De seguida assistimos a uma palestra leccionada pelo nosso ilustre Reitor da Universidade, o Eurodeputado Carlos Coelho, a respeito do funcionamento da UE. Foi-nos possível fazer um “flash-back” no que à história da Europa diz respeito, desde os tempos da criação da CECA (Comunidade Europeia do Carvão e do Aço) acordada a 1951 em Paris até ao contemporâneo. Os grandes desafios de uma Europa a 27 (ou a 28 no final deste ano civil) passam por criar um equilíbrio entre as vontades democráticas de cada Estado-Membro, uma vez que se torna, nos dias de hoje, muito difícil a execução de políticas que cubram os interesses de todos. Na agenda dos desafios emergentes surge também a preocupação de como colmatar a pouca participação na democracia europeia, ou não fossem os números de abstenção alarmantes.

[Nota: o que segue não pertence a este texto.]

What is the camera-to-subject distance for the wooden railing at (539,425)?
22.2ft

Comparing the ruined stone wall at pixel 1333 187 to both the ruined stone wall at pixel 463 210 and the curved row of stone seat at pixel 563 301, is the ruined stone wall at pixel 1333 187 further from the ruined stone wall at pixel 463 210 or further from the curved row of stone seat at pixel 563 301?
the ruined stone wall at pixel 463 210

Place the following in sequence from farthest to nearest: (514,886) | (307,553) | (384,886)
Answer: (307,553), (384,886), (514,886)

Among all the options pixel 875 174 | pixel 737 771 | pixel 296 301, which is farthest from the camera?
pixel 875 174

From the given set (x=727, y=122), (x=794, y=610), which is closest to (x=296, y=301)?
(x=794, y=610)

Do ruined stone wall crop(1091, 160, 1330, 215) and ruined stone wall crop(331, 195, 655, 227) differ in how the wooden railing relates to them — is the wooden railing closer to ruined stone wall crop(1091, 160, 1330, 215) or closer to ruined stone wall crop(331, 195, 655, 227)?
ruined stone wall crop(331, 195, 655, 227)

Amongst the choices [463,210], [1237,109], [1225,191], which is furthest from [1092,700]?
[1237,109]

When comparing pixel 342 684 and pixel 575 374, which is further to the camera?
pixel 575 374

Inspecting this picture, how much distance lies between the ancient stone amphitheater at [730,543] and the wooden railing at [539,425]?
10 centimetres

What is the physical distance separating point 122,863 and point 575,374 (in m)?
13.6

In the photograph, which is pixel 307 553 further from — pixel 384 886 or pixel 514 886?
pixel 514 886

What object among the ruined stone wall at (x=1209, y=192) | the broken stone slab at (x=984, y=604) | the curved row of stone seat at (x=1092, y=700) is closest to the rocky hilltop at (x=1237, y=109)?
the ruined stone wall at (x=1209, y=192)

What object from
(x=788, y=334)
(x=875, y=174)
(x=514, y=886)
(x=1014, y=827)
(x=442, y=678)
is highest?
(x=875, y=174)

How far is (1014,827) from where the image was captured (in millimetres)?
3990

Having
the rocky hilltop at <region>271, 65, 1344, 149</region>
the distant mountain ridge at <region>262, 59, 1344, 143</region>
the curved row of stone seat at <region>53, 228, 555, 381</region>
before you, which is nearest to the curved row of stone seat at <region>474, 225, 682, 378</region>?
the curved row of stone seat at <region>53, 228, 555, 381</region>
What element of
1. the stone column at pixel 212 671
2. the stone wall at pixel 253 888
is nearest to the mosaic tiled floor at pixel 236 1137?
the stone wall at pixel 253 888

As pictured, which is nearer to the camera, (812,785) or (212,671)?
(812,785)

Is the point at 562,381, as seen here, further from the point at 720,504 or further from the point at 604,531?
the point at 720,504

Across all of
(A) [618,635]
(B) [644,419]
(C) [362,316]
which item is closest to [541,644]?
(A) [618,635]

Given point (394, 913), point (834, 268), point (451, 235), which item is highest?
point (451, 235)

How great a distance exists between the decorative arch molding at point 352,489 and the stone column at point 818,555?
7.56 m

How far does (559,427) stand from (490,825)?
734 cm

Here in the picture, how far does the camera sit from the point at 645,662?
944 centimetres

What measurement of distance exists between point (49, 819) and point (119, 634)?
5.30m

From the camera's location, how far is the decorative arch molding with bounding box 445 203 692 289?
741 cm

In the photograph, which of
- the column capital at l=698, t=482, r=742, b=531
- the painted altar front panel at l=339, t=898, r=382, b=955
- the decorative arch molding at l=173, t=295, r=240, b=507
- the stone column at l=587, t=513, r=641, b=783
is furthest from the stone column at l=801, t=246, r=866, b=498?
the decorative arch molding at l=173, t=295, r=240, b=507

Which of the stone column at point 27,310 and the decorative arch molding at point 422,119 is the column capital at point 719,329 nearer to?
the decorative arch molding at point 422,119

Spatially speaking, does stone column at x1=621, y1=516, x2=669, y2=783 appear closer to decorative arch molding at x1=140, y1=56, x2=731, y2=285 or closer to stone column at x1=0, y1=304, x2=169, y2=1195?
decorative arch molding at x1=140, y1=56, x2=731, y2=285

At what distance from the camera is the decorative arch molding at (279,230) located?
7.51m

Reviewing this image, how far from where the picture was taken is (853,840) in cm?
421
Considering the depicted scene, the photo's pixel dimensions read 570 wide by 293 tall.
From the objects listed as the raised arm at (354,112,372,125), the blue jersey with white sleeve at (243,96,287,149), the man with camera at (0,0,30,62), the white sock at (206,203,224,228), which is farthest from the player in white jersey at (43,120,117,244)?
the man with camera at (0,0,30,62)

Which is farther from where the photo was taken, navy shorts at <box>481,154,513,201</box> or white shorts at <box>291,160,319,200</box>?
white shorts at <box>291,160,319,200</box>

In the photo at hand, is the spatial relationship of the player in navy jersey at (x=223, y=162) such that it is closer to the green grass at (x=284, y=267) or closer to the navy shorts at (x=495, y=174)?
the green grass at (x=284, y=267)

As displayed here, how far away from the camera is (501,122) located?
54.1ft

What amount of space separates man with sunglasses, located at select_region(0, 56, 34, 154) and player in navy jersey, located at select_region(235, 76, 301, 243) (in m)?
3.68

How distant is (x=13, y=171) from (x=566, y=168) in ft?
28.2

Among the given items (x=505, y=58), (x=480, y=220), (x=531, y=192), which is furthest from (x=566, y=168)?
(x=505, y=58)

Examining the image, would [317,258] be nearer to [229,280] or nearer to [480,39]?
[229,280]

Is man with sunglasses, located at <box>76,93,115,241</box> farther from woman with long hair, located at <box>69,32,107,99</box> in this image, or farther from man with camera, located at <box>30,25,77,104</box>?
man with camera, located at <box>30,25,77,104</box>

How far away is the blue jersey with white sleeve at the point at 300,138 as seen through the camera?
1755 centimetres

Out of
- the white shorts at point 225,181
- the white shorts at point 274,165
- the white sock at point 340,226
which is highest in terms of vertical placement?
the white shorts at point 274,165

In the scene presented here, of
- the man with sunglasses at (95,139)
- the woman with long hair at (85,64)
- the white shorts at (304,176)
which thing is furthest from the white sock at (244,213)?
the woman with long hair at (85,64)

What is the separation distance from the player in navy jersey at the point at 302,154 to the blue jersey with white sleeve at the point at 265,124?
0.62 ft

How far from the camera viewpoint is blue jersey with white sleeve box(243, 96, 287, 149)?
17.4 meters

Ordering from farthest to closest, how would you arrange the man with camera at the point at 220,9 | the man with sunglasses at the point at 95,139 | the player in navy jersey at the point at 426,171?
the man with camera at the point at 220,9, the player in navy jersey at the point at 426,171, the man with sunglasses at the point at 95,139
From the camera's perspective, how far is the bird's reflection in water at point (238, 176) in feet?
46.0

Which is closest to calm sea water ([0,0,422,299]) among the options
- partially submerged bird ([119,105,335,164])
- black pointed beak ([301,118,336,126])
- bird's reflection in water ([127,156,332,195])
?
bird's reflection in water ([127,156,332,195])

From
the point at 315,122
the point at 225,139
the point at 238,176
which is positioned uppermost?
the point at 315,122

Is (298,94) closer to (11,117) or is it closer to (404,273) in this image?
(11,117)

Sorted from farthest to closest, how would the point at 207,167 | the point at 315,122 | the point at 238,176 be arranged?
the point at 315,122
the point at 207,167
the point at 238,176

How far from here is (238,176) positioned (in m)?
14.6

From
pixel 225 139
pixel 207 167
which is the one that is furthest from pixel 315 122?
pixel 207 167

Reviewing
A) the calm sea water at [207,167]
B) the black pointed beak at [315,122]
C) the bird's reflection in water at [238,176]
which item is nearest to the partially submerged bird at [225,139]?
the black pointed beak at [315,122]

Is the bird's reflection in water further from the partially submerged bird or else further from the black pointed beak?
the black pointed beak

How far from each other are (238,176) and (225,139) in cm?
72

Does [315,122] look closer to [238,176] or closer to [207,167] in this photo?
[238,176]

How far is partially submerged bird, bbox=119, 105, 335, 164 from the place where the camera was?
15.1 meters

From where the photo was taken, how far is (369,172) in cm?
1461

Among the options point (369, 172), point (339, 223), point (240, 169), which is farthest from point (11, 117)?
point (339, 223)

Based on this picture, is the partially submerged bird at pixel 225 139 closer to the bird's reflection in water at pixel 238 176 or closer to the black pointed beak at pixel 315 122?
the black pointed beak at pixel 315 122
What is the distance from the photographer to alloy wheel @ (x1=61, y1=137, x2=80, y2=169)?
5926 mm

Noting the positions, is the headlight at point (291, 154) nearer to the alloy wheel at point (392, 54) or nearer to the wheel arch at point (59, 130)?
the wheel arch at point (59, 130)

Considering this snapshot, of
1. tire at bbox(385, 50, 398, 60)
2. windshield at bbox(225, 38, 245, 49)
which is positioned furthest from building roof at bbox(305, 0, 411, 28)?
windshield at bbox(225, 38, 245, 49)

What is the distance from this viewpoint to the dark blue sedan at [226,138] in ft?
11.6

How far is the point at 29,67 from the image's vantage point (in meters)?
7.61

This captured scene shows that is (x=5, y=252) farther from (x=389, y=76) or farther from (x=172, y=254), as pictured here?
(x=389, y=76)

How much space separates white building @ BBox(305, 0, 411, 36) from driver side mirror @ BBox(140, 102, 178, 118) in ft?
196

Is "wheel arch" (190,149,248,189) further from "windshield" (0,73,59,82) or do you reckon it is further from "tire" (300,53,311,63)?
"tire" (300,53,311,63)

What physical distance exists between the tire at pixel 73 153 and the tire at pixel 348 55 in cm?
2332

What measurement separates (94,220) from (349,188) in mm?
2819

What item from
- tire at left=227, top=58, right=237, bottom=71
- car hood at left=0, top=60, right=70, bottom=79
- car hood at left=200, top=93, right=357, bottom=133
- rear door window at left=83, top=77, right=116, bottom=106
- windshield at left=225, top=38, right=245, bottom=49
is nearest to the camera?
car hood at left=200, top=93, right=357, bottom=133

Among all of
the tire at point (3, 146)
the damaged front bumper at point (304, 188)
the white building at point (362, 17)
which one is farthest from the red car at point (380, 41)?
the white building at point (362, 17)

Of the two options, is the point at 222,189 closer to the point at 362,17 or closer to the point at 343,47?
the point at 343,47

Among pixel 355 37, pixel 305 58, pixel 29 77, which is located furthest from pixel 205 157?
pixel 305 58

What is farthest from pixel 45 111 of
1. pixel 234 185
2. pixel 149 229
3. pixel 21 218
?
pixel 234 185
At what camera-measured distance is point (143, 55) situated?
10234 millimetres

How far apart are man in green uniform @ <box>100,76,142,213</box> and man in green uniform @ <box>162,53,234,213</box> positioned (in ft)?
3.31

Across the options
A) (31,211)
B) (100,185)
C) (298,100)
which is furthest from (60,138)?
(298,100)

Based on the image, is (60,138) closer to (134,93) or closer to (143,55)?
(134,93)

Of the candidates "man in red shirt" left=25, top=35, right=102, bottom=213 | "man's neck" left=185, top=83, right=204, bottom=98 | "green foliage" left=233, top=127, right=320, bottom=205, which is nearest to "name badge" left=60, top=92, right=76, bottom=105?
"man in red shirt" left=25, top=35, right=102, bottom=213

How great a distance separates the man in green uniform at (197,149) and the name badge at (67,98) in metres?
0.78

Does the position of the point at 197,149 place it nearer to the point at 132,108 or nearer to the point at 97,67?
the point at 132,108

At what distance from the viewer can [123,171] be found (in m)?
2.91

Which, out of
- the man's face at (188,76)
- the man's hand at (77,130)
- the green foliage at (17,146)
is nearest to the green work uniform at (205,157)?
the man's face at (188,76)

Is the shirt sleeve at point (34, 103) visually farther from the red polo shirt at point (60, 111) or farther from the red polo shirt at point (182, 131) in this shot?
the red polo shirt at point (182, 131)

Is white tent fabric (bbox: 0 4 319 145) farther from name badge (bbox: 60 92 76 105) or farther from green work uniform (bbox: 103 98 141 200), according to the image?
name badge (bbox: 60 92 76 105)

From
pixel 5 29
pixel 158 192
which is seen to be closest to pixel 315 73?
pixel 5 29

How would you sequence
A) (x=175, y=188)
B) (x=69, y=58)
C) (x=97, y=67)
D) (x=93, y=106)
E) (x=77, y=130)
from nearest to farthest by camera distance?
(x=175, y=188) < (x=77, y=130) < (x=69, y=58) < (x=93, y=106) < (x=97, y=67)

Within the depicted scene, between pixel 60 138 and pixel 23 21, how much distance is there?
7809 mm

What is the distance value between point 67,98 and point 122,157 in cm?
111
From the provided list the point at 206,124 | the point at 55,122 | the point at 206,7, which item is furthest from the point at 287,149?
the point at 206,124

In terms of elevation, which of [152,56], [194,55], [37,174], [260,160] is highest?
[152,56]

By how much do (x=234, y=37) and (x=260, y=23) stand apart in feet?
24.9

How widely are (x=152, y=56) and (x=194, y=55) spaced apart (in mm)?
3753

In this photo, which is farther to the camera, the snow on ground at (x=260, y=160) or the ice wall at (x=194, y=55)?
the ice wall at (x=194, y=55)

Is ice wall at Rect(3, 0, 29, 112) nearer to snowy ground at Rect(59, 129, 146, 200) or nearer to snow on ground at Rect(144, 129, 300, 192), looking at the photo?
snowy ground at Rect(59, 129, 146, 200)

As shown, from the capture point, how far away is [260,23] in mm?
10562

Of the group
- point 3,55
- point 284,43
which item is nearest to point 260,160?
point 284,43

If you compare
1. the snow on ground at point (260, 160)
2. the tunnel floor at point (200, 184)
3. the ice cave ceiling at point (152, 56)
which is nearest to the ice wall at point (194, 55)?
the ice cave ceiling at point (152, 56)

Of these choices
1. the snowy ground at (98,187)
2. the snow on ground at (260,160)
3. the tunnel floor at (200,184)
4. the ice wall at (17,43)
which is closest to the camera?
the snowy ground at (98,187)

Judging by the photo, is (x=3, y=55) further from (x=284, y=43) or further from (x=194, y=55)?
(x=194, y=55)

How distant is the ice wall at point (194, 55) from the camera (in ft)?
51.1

O 5º tema foi apresentado pelo Eurodeputado José Manuel Fernandes: “Quem paga a UE?”. Tivemos a oportunidade de percepcionar de onde surgem os principais fundos para a Europa, as suas despesas e a sua receita bem como a própria estrutura do orçamento. Numa leitura mais objectiva e sintética a conclusão é simples: todos nós contribuímos para este “bolo”. Todos os anos, uma percentagem do valor total do orçamento dos países da UE é dispendida para a causa europeia, tendo em conta sobretudo a relevância dos mesmos. Ou seja, não é difícil perceber que, se a Alemanha e a França detêm o maior poderio junto da Comunidade, em parte, isto surge porque são também os países que maior percentagem financeira “doam” para este orçamento. Daí que hajam Estados-Membros que contribuam menos do que as verbas que lhes são entregues. Parte destas consideram-se os recursos próprios tradicionais, ou RPT, constituídos por impostos ao comércio e direitos aduaneiros cobrados a terceiros. Para além disso, uma pequena percentagem do IVA cobrada nos Estados vai para o orçamento, mas os recursos baseados no rendimento nacional bruto, ou RNB, ocupam a maior parte.

Para fechar de forma “ecológica” a Eurodeputada Maria da Graça Carvalho veio falar-nos sob o tema “Liderando no Ambiente”. Focou-nos os Programas de acção em matéria do Ambiente, que estabelecem os objectivos ambientais da União Europeia para um determinado período de tempo (actualmente dez anos), especificando as acções que terão de ser adoptadas a fim de concretizar os referidos objectivos. Estes programas pecam, em nossa opinião, por não terem carácter vinculativo, embora sirvam de enquadramento daquela que é a política comunitária. O Protocolo de Quioto e posteriormente as metas estabelecidas por Cancún, revelaram-se somente documentos de referência no que às emissões de Co2 dizem respeito. Ainda assim as metas estabelecidas para a Europa 20 20 e os conceitos inovadores tais como o princípio do poluidor-pagador, da precaução e da prevenção, do desenvolvimento sustentável e a integração do ambiente nas políticas sectoriais são algumas das ideias do que de “saudável” se está a fazer pela Europa e não só!

Já no Domingo protagonizou-se um Debate-Inquérito, mediado pelo Eurodeputado Carlos Coelho, tendo em vista a apresentação de propostas/ideias para um melhor funcionamento e proximidade da União Europeia com as pessoas. Destacou-se a unânime ideia de ter de haver um reforço da Cidadania Europeia, com o intuito de todos nós nos sentirmos mais cidadãos europeus. Foi também generalizada a opinião de que a formação, à semelhança do que acontece com a Universidade da Europa, permite um outro know-how aos Jovens e que é o exemplo do que de bom se pode fazer em Portugal e nos restantes Estados-Membros.

Para encerrar com chave de ouro, o Eurodeputado Paulo Rangel fez a entrega dos diplomas da 5ª Universidade Europa.

A Universidade Europa foi mais uma excelente oportunidade para aprender! Tomámos contacto com alguns dos protagonistas Portugueses no palco da política europeia e conhecemos através das suas visões, o funcionamento e desafios da actualidade do espaço Europeu. A JSD continua de Parabéns por ser a única Juventude partidária do país que melhor prepara os Jovens (Sociais-Democratas e não só!) para os difíceis desafios que se avizinham, quer ao nível nacional, quer sobretudo ao nível europeu. Parabéns à JSD, ao PSD e ao PPE! E Parabéns sobretudo ao Reitor da Universidade, o Eurodeputado Carlos Coelho, que continua a vestir a camisola pelos Jovens e é hoje o espelho de uma geração mais formada e qualificada.